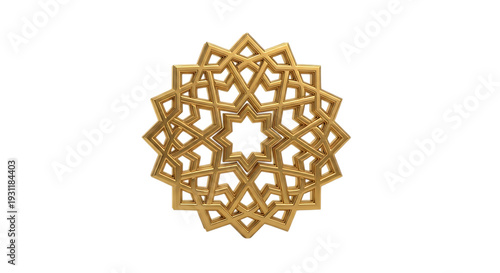 Elegant golden Islamic geometric pattern for luxury design projects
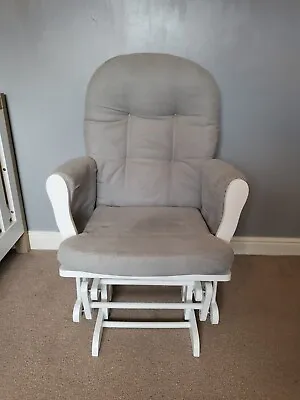 £80 • Buy Nursing Glider Chair And Stool, Used Very Good Condition,Grey And White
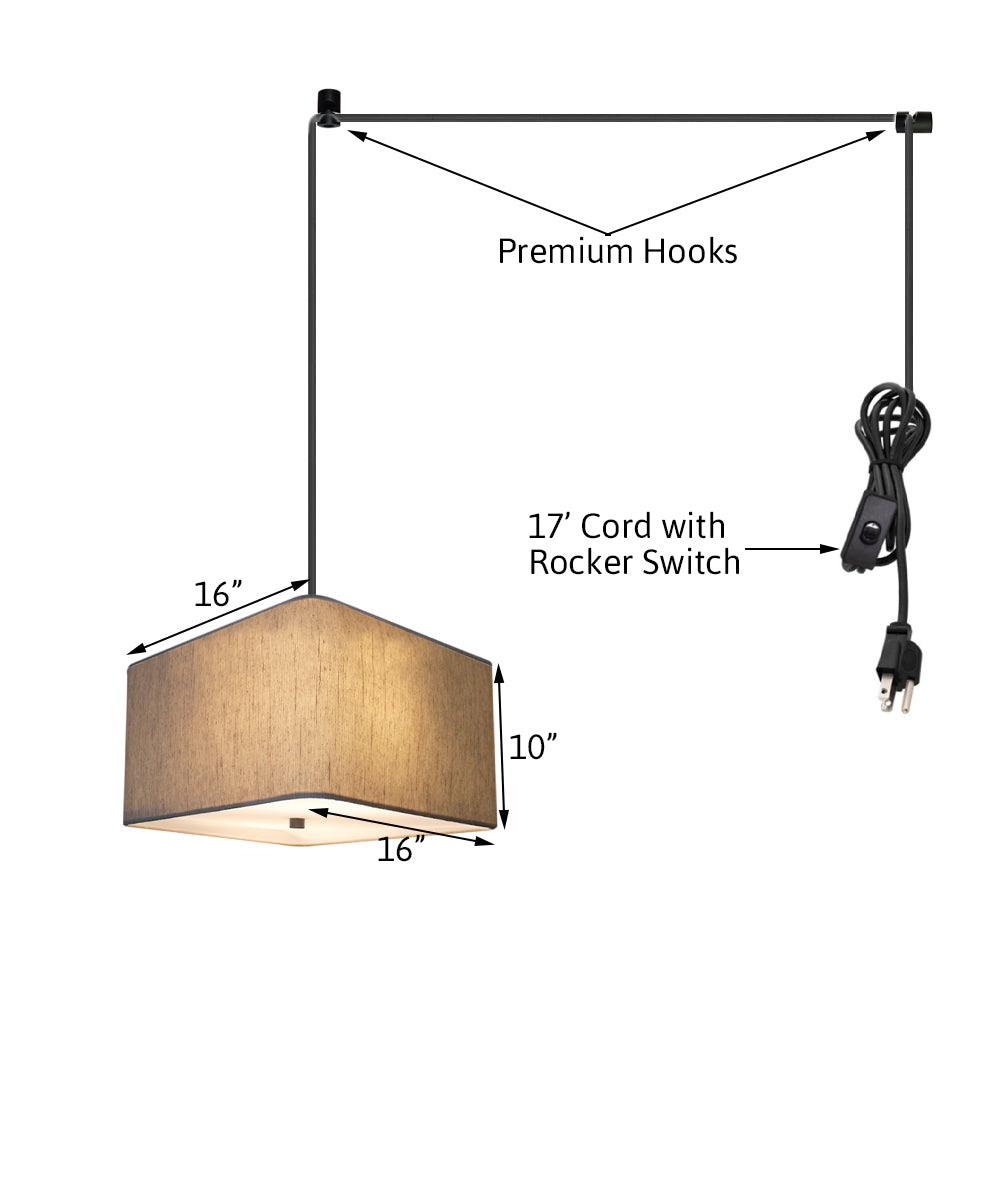 16-Inch Oatmeal Drum Pendant Light with Diffuser and Black Plug-In Cord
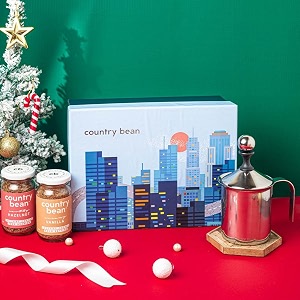 country bean germany gift hamper set with manual milk frother 400ml hazelnut and vanilla instant flavoured coffees 50g x 2  perfect present for winter season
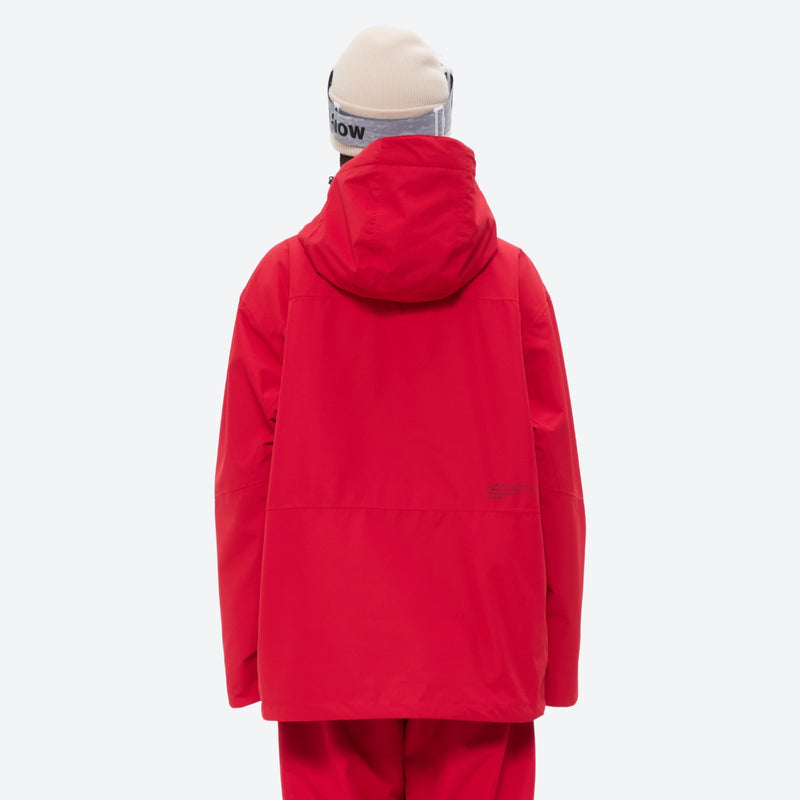 Waterproof snow jacket and pants set - red, on-model back hood view, for powder and piste riding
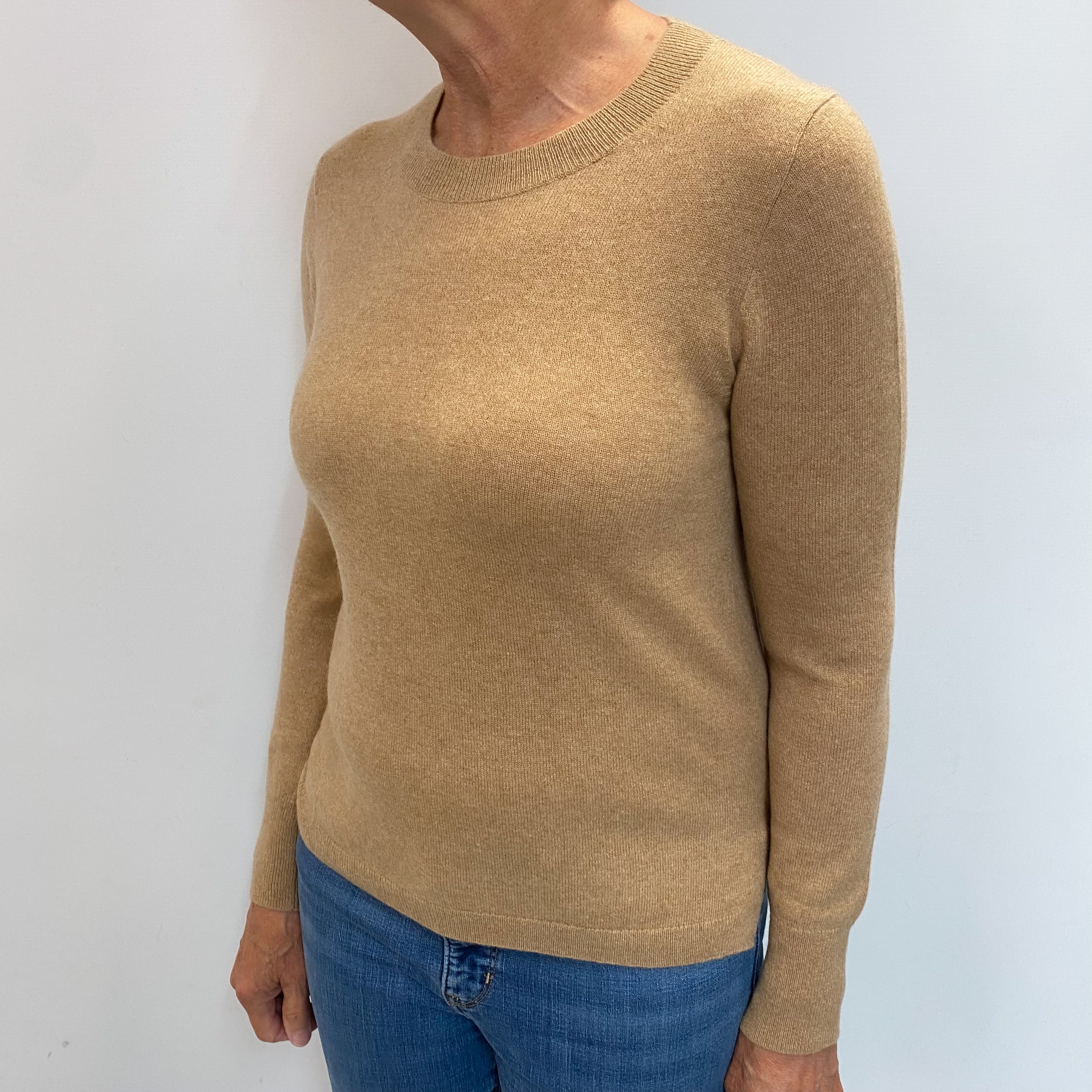 Caramel Brown Cashmere Crew Neck Jumper Medium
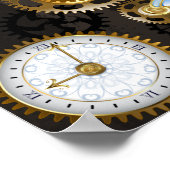 Steampunk Dragonflies op bruine gestreepte achterg Poster (Hoek)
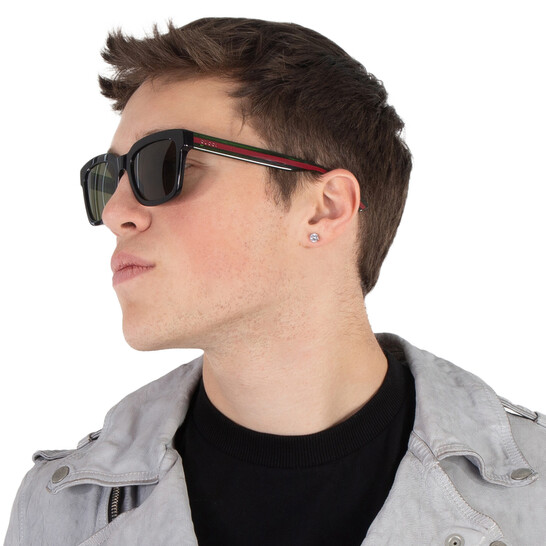 Unisex GUCCI GG0001SN 002 Square Sunglasses with Dark Lenses Amazon.com: Gucci GG0001SN Web Stripe & Lettering Logo  main image 3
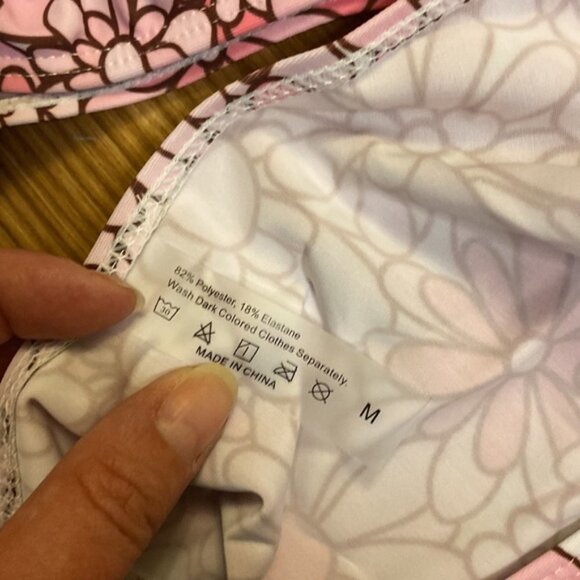 SHEIN Floral Print Ring Linked Halter Bikini Swimsuit (Size Medium) NEW - Picture 6 of 7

• [About this task]:
Output the lines above in full and exactly as given, omitting any pictures.

• [Written response]:
 Elegant golden Islamic geometric pattern for luxury design projects
 £80 • Buy Nursing Glider Chair And Stool, Used Very Good Condition,Grey And White
 16-Inch Oatmeal Drum Pendant Light with Diffuser and Black Plug-In Cord
 country bean germany gift hamper set with manual milk frother 400ml hazelnut and vanilla instant flavoured coffees 50g x 2  perfect present for winter season
 Waterproof snow jacket and pants set - red, on-model back hood view, for powder and piste riding
 Caramel Brown Cashmere Crew Neck Jumper Medium
 Steampunk Dragonflies op bruine gestreepte achterg Poster (Hoek)
 Unisex GUCCI GG0001SN 002 Square Sunglasses with Dark Lenses Amazon.com: Gucci GG0001SN Web Stripe & Lettering Logo  main image 3
 SHEIN Floral Print Ring Linked Halter Bikini Swimsuit (Size Medium) NEW - Picture 6 of 7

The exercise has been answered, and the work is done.